WHAT THE EXERCISE ASKS
What you copy should be the lines from the one with "Especially with great" through the end of the entries, word for word. Omit the pictures.

#### DATA ####

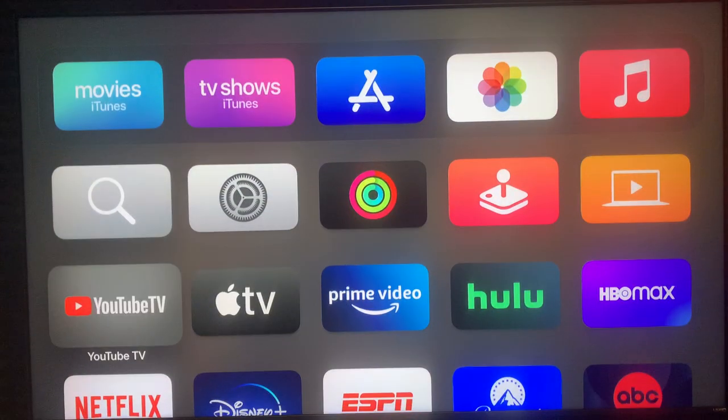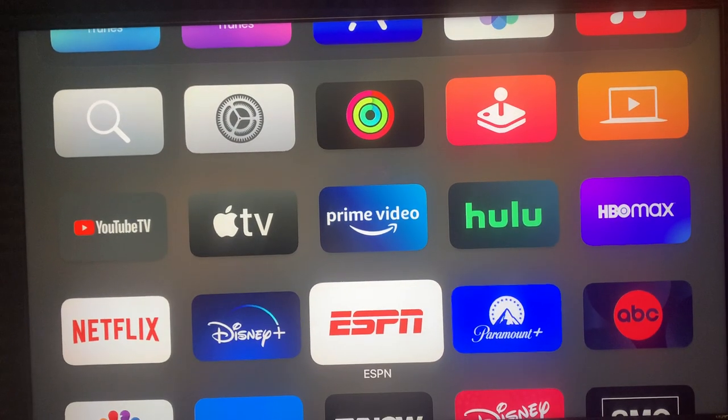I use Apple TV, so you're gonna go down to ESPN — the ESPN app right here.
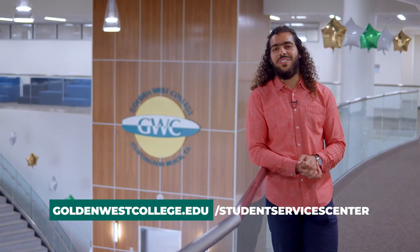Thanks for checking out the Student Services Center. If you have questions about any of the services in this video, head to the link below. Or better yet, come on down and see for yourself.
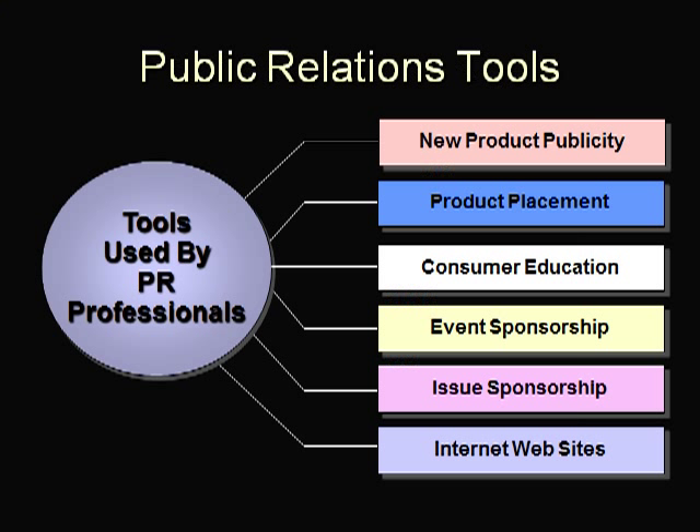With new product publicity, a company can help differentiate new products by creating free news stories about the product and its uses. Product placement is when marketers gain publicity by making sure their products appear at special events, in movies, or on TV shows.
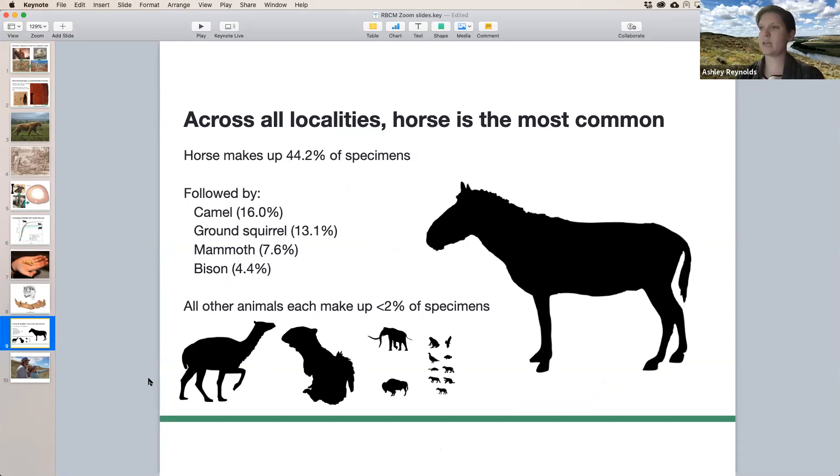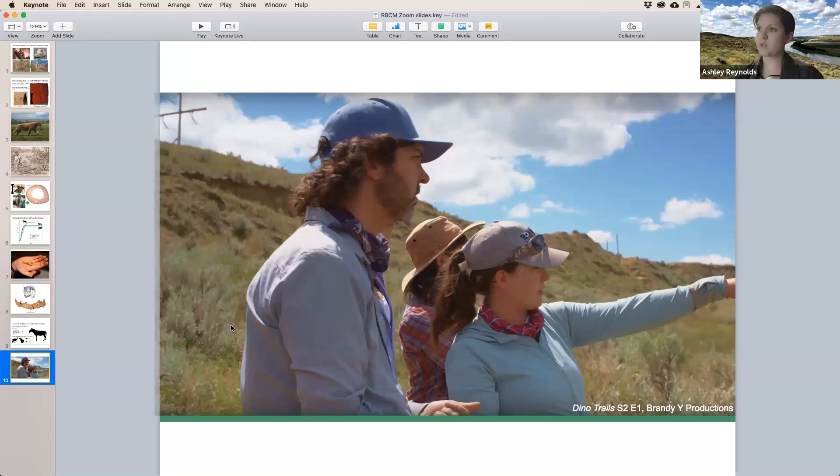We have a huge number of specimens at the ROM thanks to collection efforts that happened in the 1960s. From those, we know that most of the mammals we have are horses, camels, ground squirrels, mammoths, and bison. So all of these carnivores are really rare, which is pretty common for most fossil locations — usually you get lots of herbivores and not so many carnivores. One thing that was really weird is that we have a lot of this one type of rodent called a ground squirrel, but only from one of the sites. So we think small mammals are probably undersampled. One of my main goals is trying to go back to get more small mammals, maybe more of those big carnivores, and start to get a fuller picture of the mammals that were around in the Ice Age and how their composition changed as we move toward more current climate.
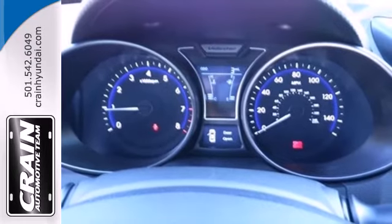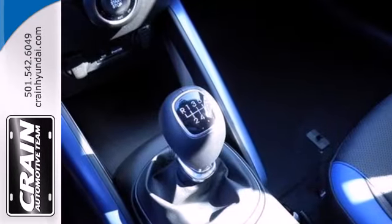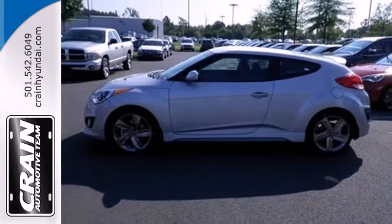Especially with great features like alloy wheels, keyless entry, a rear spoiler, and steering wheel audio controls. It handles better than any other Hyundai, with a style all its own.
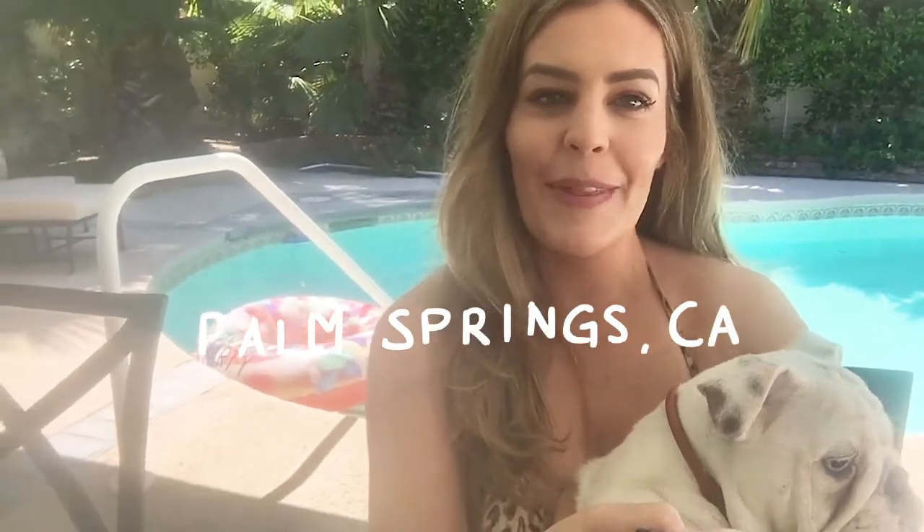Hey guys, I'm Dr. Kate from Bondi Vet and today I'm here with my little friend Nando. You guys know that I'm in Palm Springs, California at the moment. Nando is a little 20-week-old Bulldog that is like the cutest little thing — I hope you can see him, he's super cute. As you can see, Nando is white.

####

REPLY
Especially with great features like alloy wheels, keyless entry, a rear spoiler, and steering wheel audio controls. It handles better than any other Hyundai, with a style all its own.
Hey guys, I'm Dr. Kate from Bondi Vet and today I'm here with my little friend Nando. You guys know that I'm in Palm Springs, California at the moment. Nando is a little 20-week-old Bulldog that is like the cutest little thing — I hope you can see him, he's super cute. As you can see, Nando is white.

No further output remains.